Не для того ли, чтобы потешить своих друзей, дон Джакомо скоропалительно затевает новое приключение в стенах монастыря, точнее, приюта, где воспитываются девицы из бедных семей? Его избранница — Армелина, чьи «печаль и бледность имели, вернее всего, причиной бремя заглушенных желаний».
В ход идут сговор с настоятельницей, веские доводы, стимулирующие ее благосклонность, в виде подношений кофе, сахара, теплой одежды. Меж тем «перезрелые святоши» возмущаются. Раскрепощение девиц входит в просветительский проект, поэтому Бернис с принцессой охотно помогают Казе. Но почему-то эта история кажется приевшейся и скучной. Армелина отлично усваивает науку, а Каза не чувствует в себе призвания «мученика добродетели». Однако же приходится войти в роль. Разумеется, он прибегает к излюбленной тактике: ужины с подружкой Армелины, шампанское, устрицы, будто бы невинные забавы, наряды, переодевания — разные милые глупости, но иной раз можно позволить себе приятную вольность, например, взять губами устрицу прямо с открытой груди:
«Увидев, что я обомлел и глаз не свожу с ее груди, она спросила, не хочется ли мне, как младенцу, приложиться к соску».
Старый младенец, молодые сосцы. Дева с порочным младенцем. У Казы разыгралось воображение: он признается, что хочет сосать, как ребенок, грудь матери, которая приходится ему дочерью. Ладно. Но продвинуться дальше ему на этот раз никак не удается. Жмурки, баловство, игривые прикосновения, шалости и ничего существенного. Девицы заботятся о замужестве, Казу подпускают только с тыла. Их можно понять — остальное лучше приберечь. Нужно хорошо пристроиться. Каза — партия незавидная, на горизонте маячат претенденты помоложе. Что ж, прощайте и будьте счастливы.
Дон Джакомо замыкается «в кругу семьи». Вот, пожалуйста, еще одна из его вероятных дочерей — Джакомина (тем временем Леонильда родила сына — браво!), дочь Мариуччи, она еще красивей, чем оставшаяся в Лондоне София. Как летит время! А тут еще объявляется брат Джакомо Дзанетто (мужской вариант материнского имени) со своей дочерью Гильельминой. Одно слово «племянница» действует безотказно — Джакомо воспылал заранее:
«При этом известии я положил себе любить свою племянницу; необычайным и забавным показалось мне, что пружиной сего любовного влечения явилось некое мстительное чувство. Предоставляю более сведущим, чем я, знатокам человеческой натуры толковать подобные феномены».

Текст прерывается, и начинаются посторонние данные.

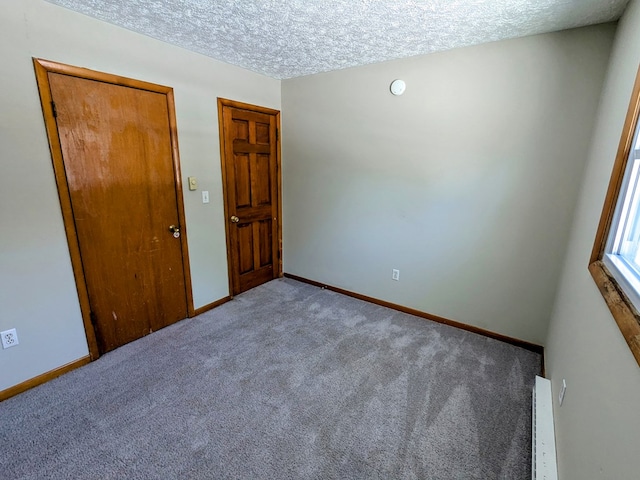 carpeted empty room featuring a textured ceiling and baseboard heating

Хорошо нам улыбаться с Фрейдовых высот, но, между прочим, Каза совершил открытие. Любое проявление сексуальности — это своеобразно преломленное желание «отомстить» родственникам. Семьи, вы меня распаляете! Кто это отрицает, тот попросту лжет. Всем и всеми правит тяга к кровосмешению, — всеми, включая того, кто заявляет, что ему плевать на всякие семейные чувства. Взять педофила — это ли не убежденный (даже более, чем надо) семьянин? Семьи, ненавижу вас[52] — ненавижу, потому что обожаю. Только Бог может быть безразличен к семье (к своему Святому семейству). В половом влечении, откуда бы оно ни исходило и какого бы рода ни было (или, тем паче, в навязчивом его подавлении), содержится намек на семейность, на тесную биологическую близость.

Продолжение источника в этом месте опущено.